Image-text web data:
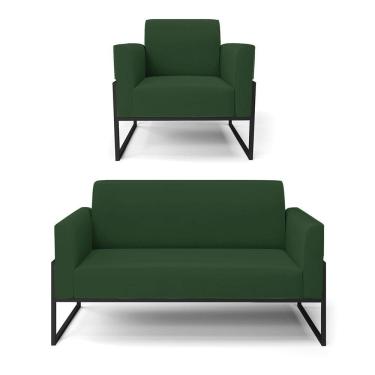 Imagem de Sofá Namoradeira Com Poltrona Base Industrial Alta Preto Marisa Veludo D03 - D\'rossi Cor Verde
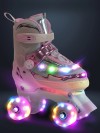 Ролики Amarobaby Glory светящиеся колеса бежевый/розовый 30-33
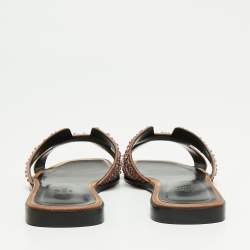 Pre Owned Hermes Brown Glitter Embellished Oran Flat Sandals Size 39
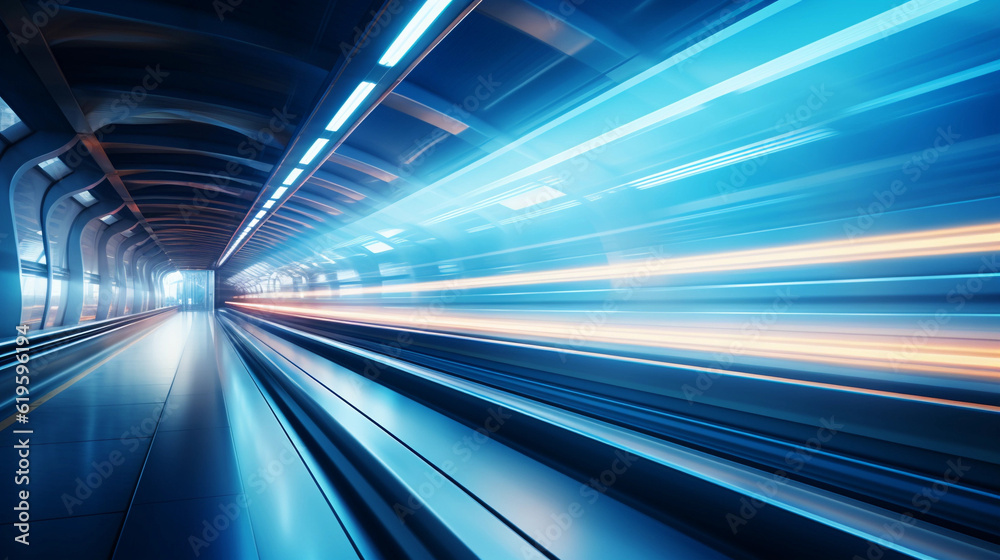 Fototapeta premium blurred background metro escalator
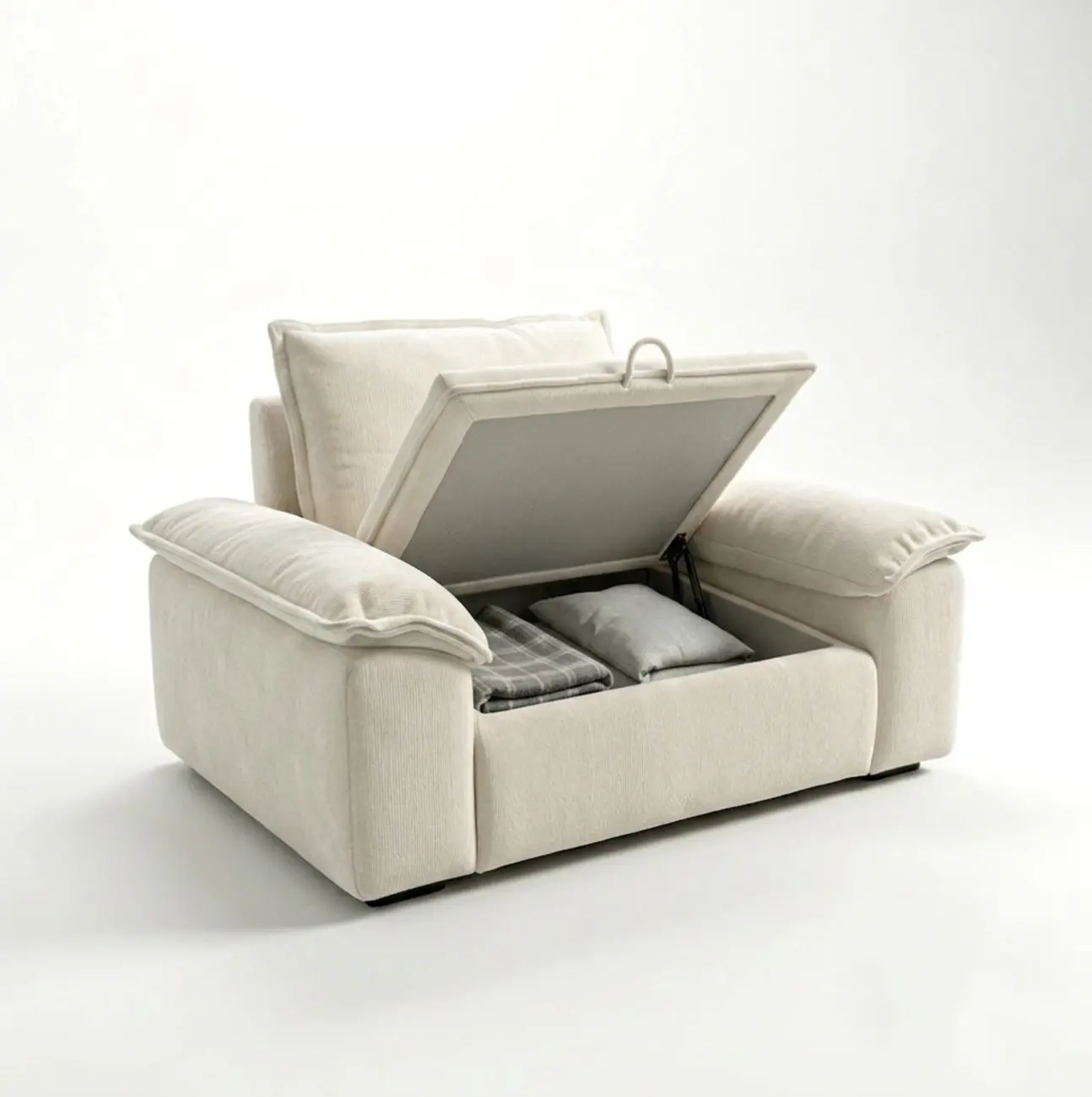 Living Room Modern Chenille Cloud Sectional Sofa With Hidden Storage Image - 27 | homeyfad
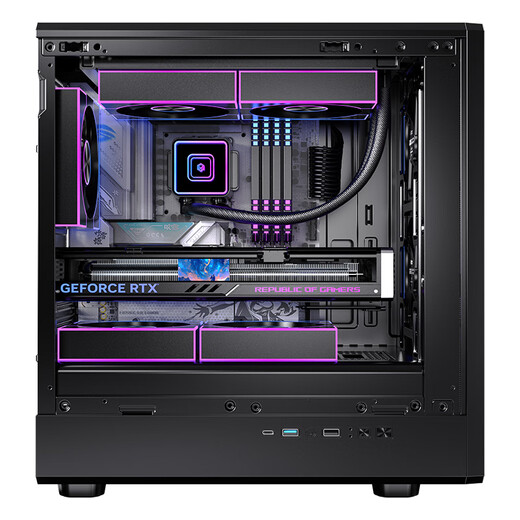 Das schwarze Hauptgehäuse des Peninsula Iron Box (PADO) Style 5 für Desktop-Computer unterstützt M-ATX-Motherboards/mit Typ-C/Frontplatte aus Eisengeflecht/Schiebeglas-Design/8 Lüfterpositionen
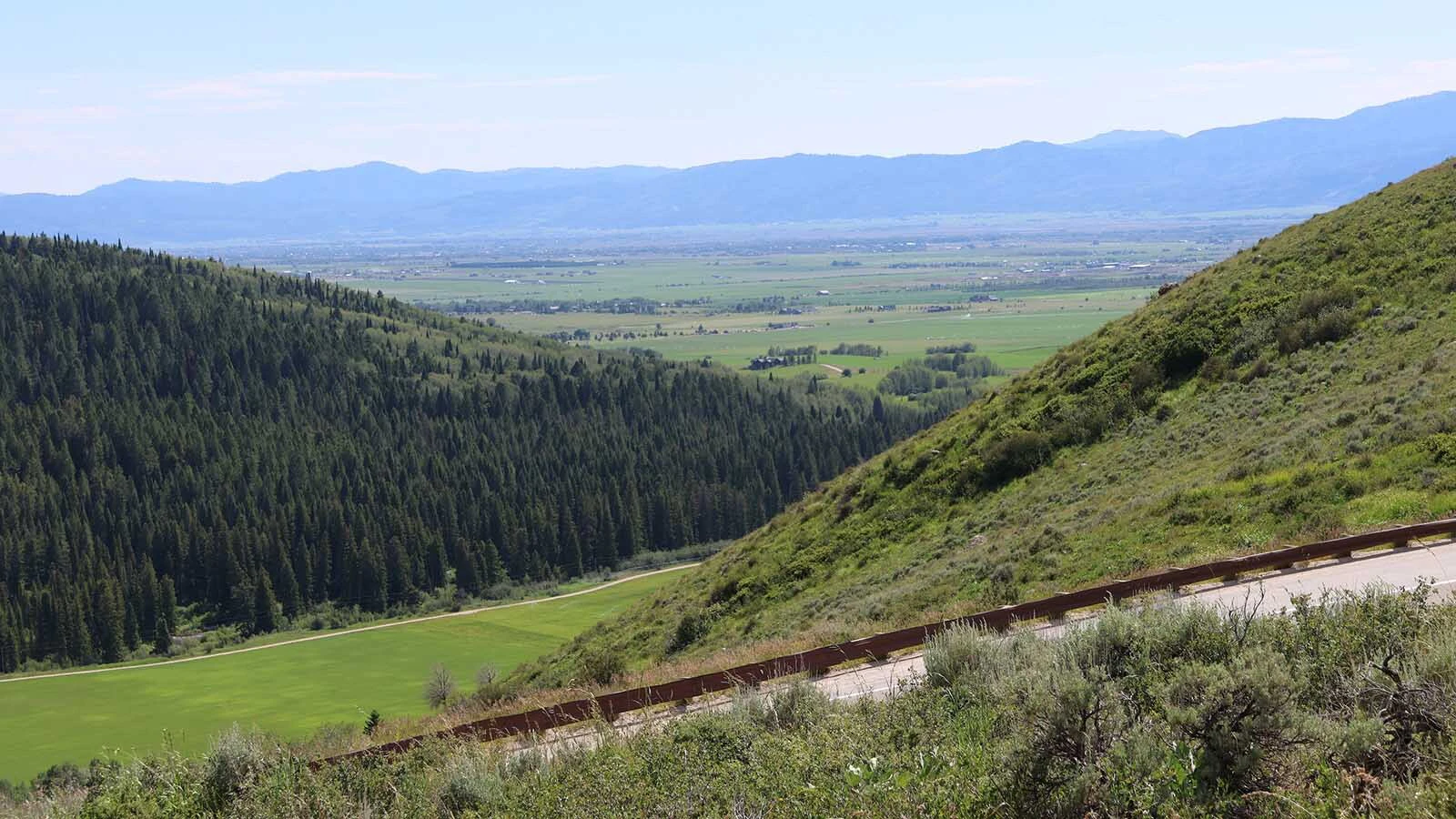 The view of Teton Valley from Ski Hill Road above Alta, Wyoming.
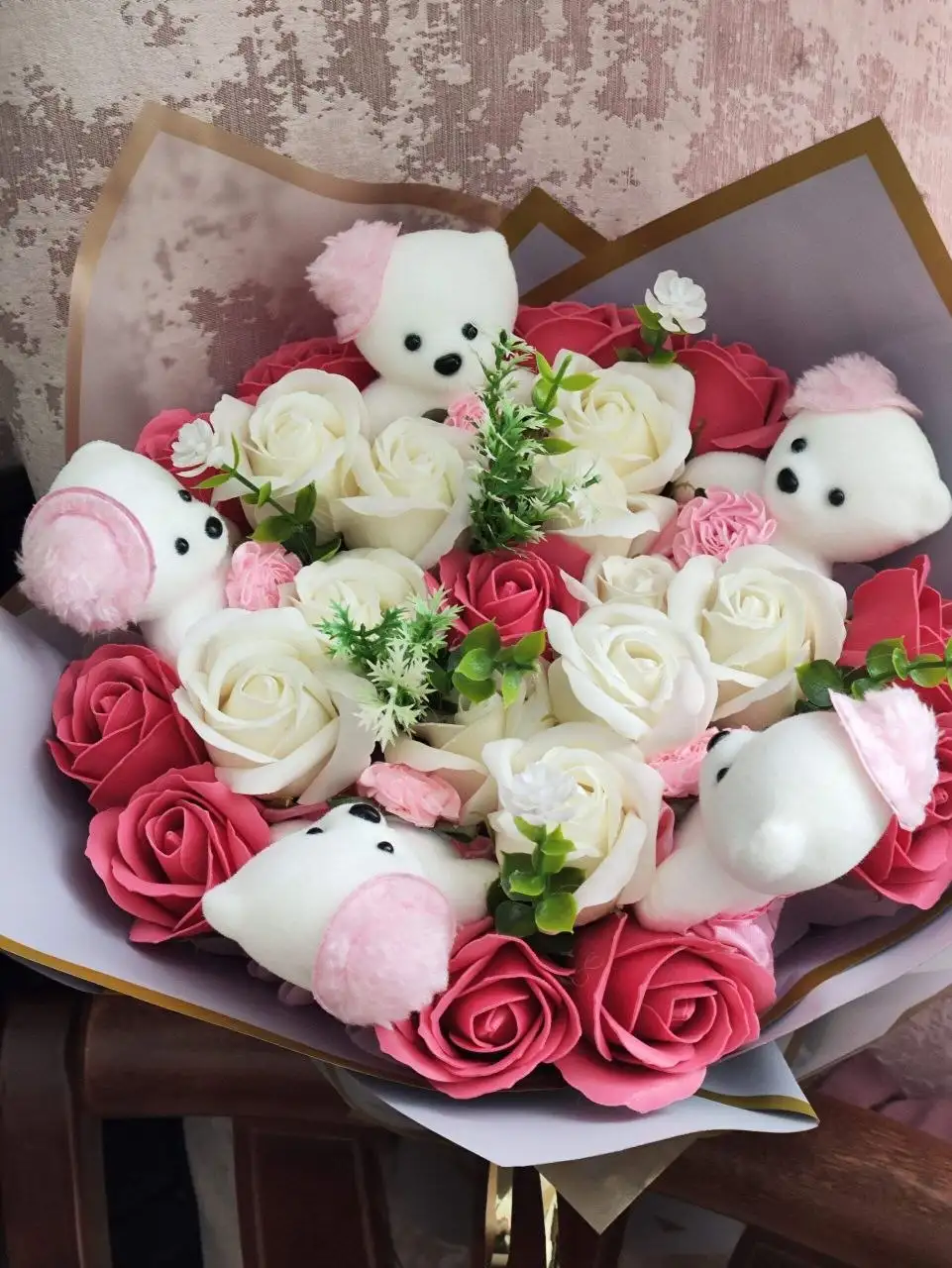 Букет из мыльных роз и пенных мишек - Барахолка в Ульяновск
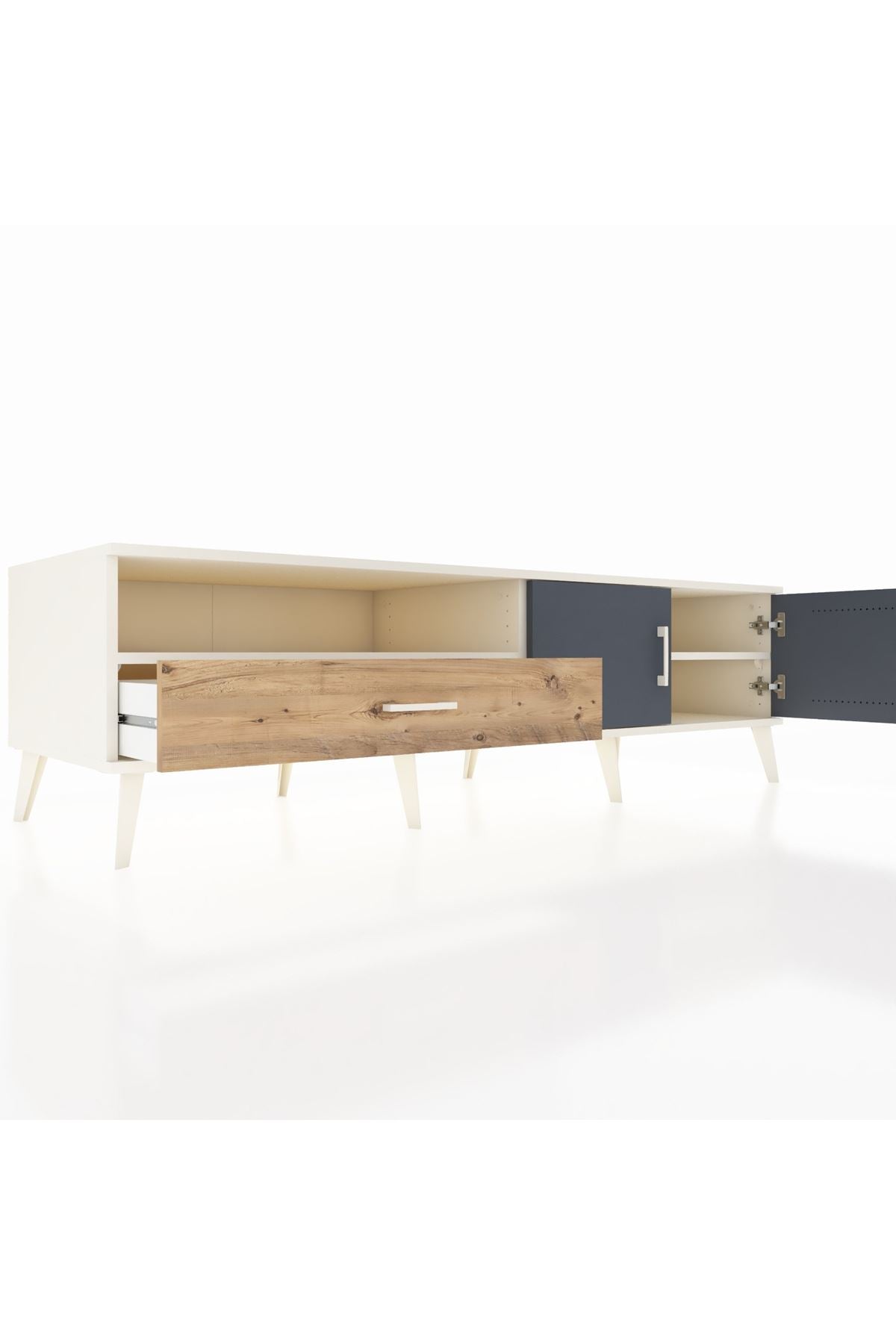 Kronos TV Ünitesi 2 Raflı Tek Çekmeceli 2 Kapaklı 176x59x51 Aytaşı-Antrasit/Çam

- _What is required_
Copy every line of the records exactly as it is written, but not the pictures.

- _Your response_
 Imagem de Sofá Namoradeira Com Poltrona Base Industrial Alta Preto Marisa Veludo D03 - D\'rossi Cor Verde
 Ролики Amarobaby Glory светящиеся колеса бежевый/розовый 30-33
 Pre Owned Hermes Brown Glitter Embellished Oran Flat Sandals Size 39
 Fototapeta premium blurred background metro escalator
 Living Room Modern Chenille Cloud Sectional Sofa With Hidden Storage Image - 27 | homeyfad
 Das schwarze Hauptgehäuse des Peninsula Iron Box (PADO) Style 5 für Desktop-Computer unterstützt M-ATX-Motherboards/mit Typ-C/Frontplatte aus Eisengeflecht/Schiebeglas-Design/8 Lüfterpositionen
 The view of Teton Valley from Ski Hill Road above Alta, Wyoming.
 Букет из мыльных роз и пенных мишек - Барахолка в Ульяновск
 Kronos TV Ünitesi 2 Raflı Tek Çekmeceli 2 Kapaklı 176x59x51 Aytaşı-Antrasit/Çam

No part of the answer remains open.